[Short text fragments from websites]

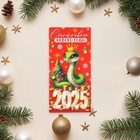 Конверт для денег "Счастливого Нового Года! 2025" символ года, красный фон, 8,3 х 16,5 см (комплект 10 шт) - фото 26545256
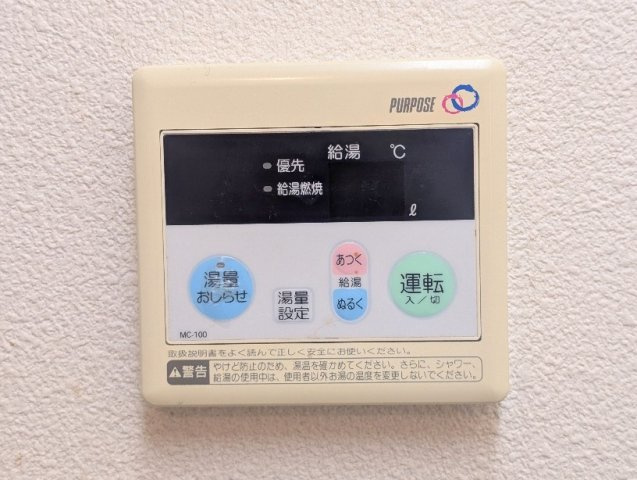 メゾンウエスト２の設備
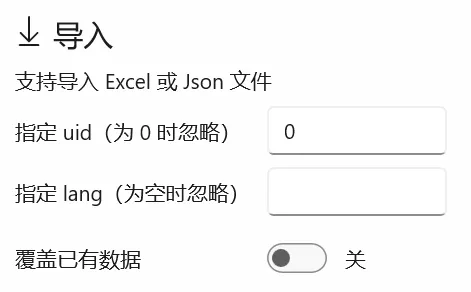 祈愿记录导入功能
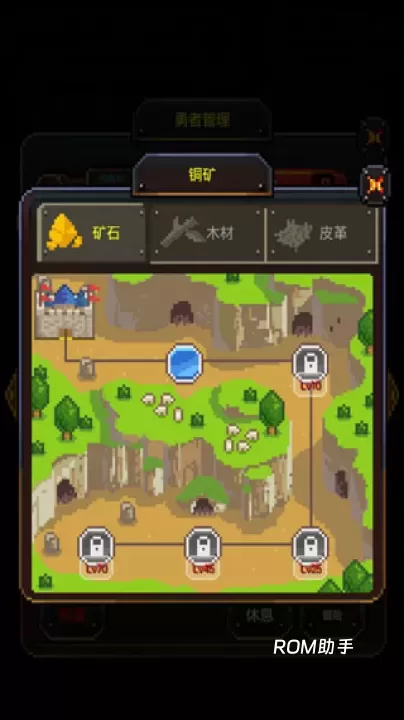 英雄的铁匠最新版_https://www.romzhushou.com_模拟经营_第4张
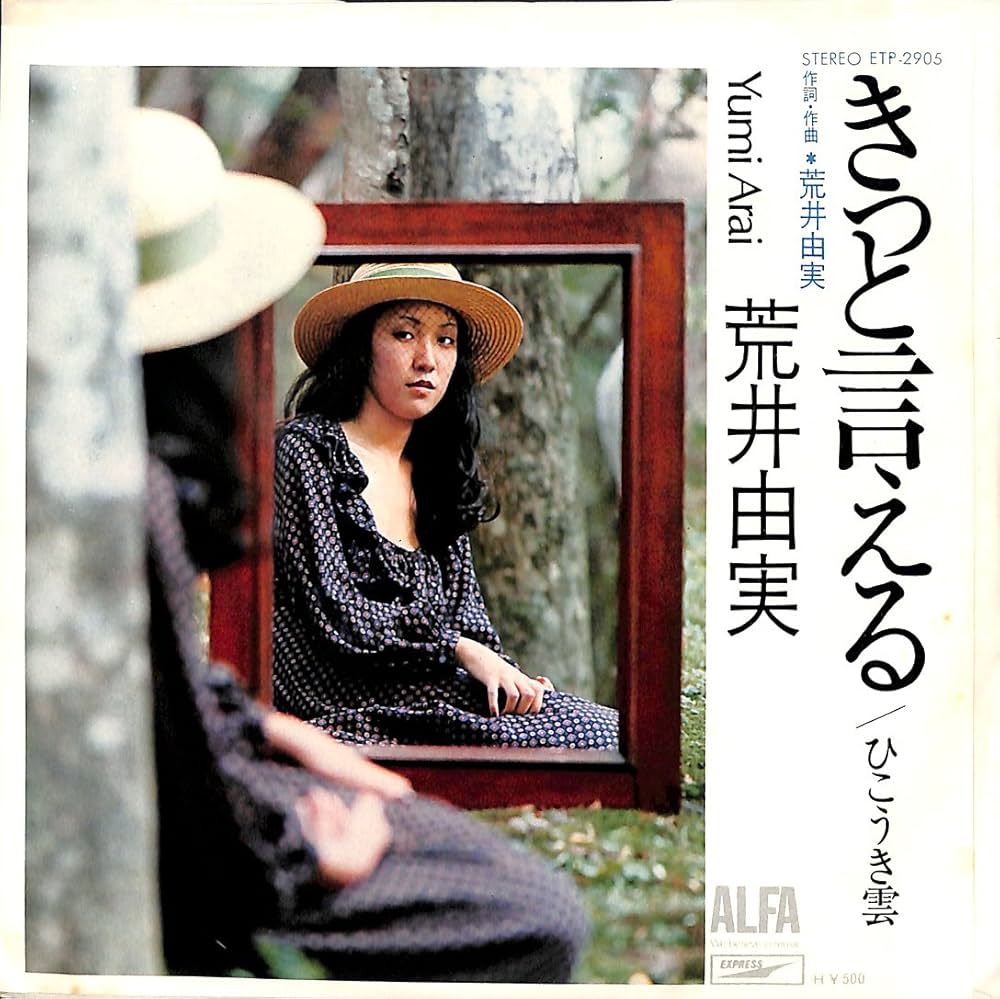 Amazon.co.jp: きっと言える[荒井由実][EP盤]: ミュージック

[What this task involves] From the line containing "メゾンウエスト２の設備" to the final line of the entries, both included, transcribe every line exactly, omit the pictures, and add nothing more.

[Response to the exercise]
 メゾンウエスト２の設備
 祈愿记录导入功能
 英雄的铁匠最新版_https://www.romzhushou.com_模拟经营_第4张
 Amazon.co.jp: きっと言える[荒井由実][EP盤]: ミュージック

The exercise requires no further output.